Top of EXERCISE DATA

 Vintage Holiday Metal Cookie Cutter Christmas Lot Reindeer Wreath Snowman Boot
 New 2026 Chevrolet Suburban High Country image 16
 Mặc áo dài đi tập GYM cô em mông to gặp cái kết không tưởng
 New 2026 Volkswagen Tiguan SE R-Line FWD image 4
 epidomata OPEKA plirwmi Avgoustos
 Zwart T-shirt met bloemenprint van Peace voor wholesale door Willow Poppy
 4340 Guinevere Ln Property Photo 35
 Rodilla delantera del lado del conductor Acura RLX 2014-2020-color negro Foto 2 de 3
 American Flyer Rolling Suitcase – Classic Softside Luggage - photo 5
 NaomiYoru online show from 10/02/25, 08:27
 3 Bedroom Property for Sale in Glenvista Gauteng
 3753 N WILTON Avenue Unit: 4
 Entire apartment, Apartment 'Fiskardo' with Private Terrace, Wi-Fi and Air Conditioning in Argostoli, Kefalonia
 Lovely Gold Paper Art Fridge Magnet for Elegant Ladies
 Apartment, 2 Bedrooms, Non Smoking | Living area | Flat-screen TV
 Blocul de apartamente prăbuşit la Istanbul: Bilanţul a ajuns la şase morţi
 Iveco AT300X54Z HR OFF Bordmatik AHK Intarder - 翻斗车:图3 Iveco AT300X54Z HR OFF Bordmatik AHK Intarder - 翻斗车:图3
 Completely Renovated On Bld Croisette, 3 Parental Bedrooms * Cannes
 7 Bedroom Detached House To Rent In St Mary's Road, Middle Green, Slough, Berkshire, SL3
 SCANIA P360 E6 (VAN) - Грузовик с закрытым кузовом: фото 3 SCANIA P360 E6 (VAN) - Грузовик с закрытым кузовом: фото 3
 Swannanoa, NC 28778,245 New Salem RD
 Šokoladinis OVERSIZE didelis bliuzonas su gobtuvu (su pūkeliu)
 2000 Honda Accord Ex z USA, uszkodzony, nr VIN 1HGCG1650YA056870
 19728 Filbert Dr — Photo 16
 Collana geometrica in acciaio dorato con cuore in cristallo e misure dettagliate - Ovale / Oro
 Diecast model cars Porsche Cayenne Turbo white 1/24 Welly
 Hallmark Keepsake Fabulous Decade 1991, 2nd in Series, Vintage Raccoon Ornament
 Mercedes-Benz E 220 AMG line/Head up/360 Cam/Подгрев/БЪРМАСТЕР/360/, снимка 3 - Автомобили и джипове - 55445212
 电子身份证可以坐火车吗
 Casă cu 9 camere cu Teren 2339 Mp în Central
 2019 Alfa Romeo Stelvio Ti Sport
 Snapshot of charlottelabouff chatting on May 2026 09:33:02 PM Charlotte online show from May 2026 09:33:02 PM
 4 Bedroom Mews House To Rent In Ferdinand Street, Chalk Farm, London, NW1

Bottom of EXERCISE DATA

YOUR TASK: In full and word for word, reproduce the data above.

SOLUTION FOR THIS TASK:
 Vintage Holiday Metal Cookie Cutter Christmas Lot Reindeer Wreath Snowman Boot
 New 2026 Chevrolet Suburban High Country image 16
 Mặc áo dài đi tập GYM cô em mông to gặp cái kết không tưởng
 New 2026 Volkswagen Tiguan SE R-Line FWD image 4
 epidomata OPEKA plirwmi Avgoustos
 Zwart T-shirt met bloemenprint van Peace voor wholesale door Willow Poppy
 4340 Guinevere Ln Property Photo 35
 Rodilla delantera del lado del conductor Acura RLX 2014-2020-color negro Foto 2 de 3
 American Flyer Rolling Suitcase – Classic Softside Luggage - photo 5
 NaomiYoru online show from 10/02/25, 08:27
 3 Bedroom Property for Sale in Glenvista Gauteng
 3753 N WILTON Avenue Unit: 4
 Entire apartment, Apartment 'Fiskardo' with Private Terrace, Wi-Fi and Air Conditioning in Argostoli, Kefalonia
 Lovely Gold Paper Art Fridge Magnet for Elegant Ladies
 Apartment, 2 Bedrooms, Non Smoking | Living area | Flat-screen TV
 Blocul de apartamente prăbuşit la Istanbul: Bilanţul a ajuns la şase morţi
 Iveco AT300X54Z HR OFF Bordmatik AHK Intarder - 翻斗车:图3 Iveco AT300X54Z HR OFF Bordmatik AHK Intarder - 翻斗车:图3
 Completely Renovated On Bld Croisette, 3 Parental Bedrooms * Cannes
 7 Bedroom Detached House To Rent In St Mary's Road, Middle Green, Slough, Berkshire, SL3
 SCANIA P360 E6 (VAN) - Грузовик с закрытым кузовом: фото 3 SCANIA P360 E6 (VAN) - Грузовик с закрытым кузовом: фото 3
 Swannanoa, NC 28778,245 New Salem RD
 Šokoladinis OVERSIZE didelis bliuzonas su gobtuvu (su pūkeliu)
 2000 Honda Accord Ex z USA, uszkodzony, nr VIN 1HGCG1650YA056870
 19728 Filbert Dr — Photo 16
 Collana geometrica in acciaio dorato con cuore in cristallo e misure dettagliate - Ovale / Oro
 Diecast model cars Porsche Cayenne Turbo white 1/24 Welly
 Hallmark Keepsake Fabulous Decade 1991, 2nd in Series, Vintage Raccoon Ornament
 Mercedes-Benz E 220 AMG line/Head up/360 Cam/Подгрев/БЪРМАСТЕР/360/, снимка 3 - Автомобили и джипове - 55445212
 电子身份证可以坐火车吗
 Casă cu 9 camere cu Teren 2339 Mp în Central
 2019 Alfa Romeo Stelvio Ti Sport
 Snapshot of charlottelabouff chatting on May 2026 09:33:02 PM Charlotte online show from May 2026 09:33:02 PM
 4 Bedroom Mews House To Rent In Ferdinand Street, Chalk Farm, London, NW1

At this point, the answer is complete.